* **Exercise**
What is needed is an exact copy of the lines from the one containing "ECKBANK Die Vielseitige" through the final line of the material below.

* **Information supplied**
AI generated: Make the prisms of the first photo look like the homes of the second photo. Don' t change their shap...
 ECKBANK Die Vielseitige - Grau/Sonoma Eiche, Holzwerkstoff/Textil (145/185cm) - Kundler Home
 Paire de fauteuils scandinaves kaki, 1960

* **Answer area**
 ECKBANK Die Vielseitige - Grau/Sonoma Eiche, Holzwerkstoff/Textil (145/185cm) - Kundler Home
 Paire de fauteuils scandinaves kaki, 1960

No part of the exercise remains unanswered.